18. März 2026 | Karl-Matthias Klause
Ein neues Gremium in Berlin soll die Außen- und Verteidigungspolitik dem Streit zwischen Parteien und Ressorts entziehen. Jetzt wurde es von Friedrich Merz erstmals getestet
VON KARL-MATTHIAS KLAUSE
Am 1. März 2026, dem Tag unmittelbar nach Beginn des Iran-Krieges, tagte der Nationale Sicherheitsrat in Berlin. Im Anschluss trat Bundeskanzler Friedrich Merz in der Regierungszentrale vor die Kameras und erklärte:
„Erstens wollen wir zur Schaffung einer neuen Friedens- und Stabilitätsordnung im Nahen Osten beitragen, in der alle Nachbarn ohne Wenn und Aber Israels Recht auf Existenz und Sicherheit anerkennen. Zweitens wollen wir weiter auf eine vertragliche Regelung hinarbeiten, die Iran ein für alle Mal verpflichtet, sein militärisches Nuklearprogramm und sein ballistisches Raketenprogramm zu beenden. Drittens wollen wir im Gegenzug unseren Beitrag dazu leisten, dass sich Iran in Zukunft stabilisiert und wirtschaftlich wieder auf die Beine kommt. Hierbei wird Europa ein entscheidender Erfolgsfaktor sein.
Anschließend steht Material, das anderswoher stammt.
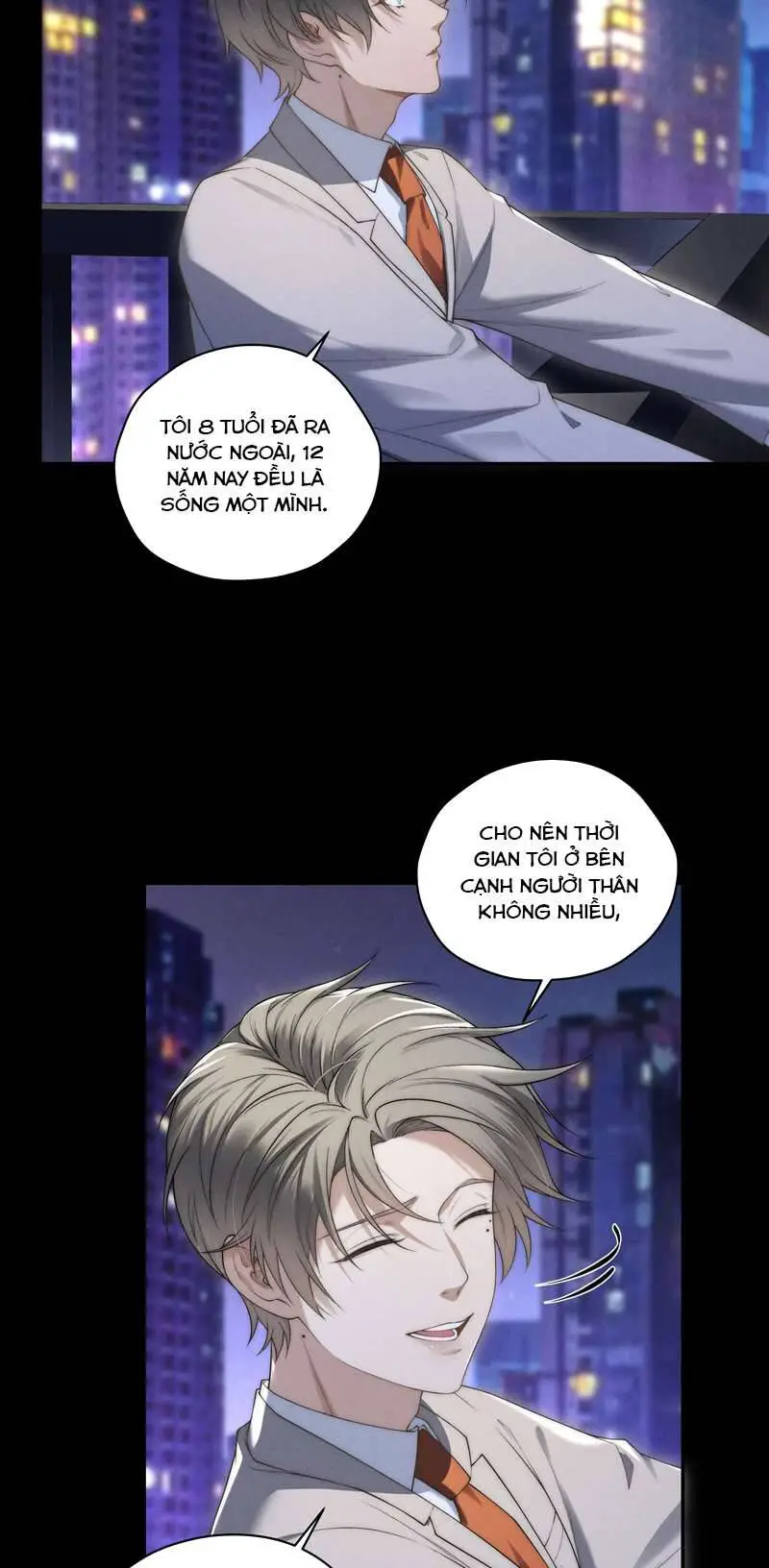 Thiếu Gia Không Ngoan Nettruyen ZZZ Chương 8 Page 22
Schließlich wollen wir viertens das iranische Volk dabei unterstützen, frei über das eigene Schicksal zu entscheiden und seinen Beitrag zu einer stabilen und friedlichen Ordnung in der Region zu leisten.”
Außenpolitik nach Außen
Mit dieser Erklärung hat der Bundeskanzler den Kurs der deutschen Außenpolitik signalisiert. In Richtung Iran, in Richtung Israel, in Richtung EU, in Richtung USA. In einer schnellen Reaktion gleich am 28. Februar war die deutsche Linie durch eine E3 Erklärung mit Frankreich und Großbritannien vorgezeichnet. Dem Sicherheitsrat am 1. März folgte kurz darauf – fortune des Kalenders – die Erklärung mit Präsident Emmanuel Macron am 3. März zur Einrichtung einer Nuklear-Steuerungsgruppe. Sie unterstrich die Strategie einer Abschreckung durch Stärke. Damit war der Boden bereitet für das (seit Wochen angesetzte) Gespräch am 4. März mit Präsident Trump im Weißen Haus, wo........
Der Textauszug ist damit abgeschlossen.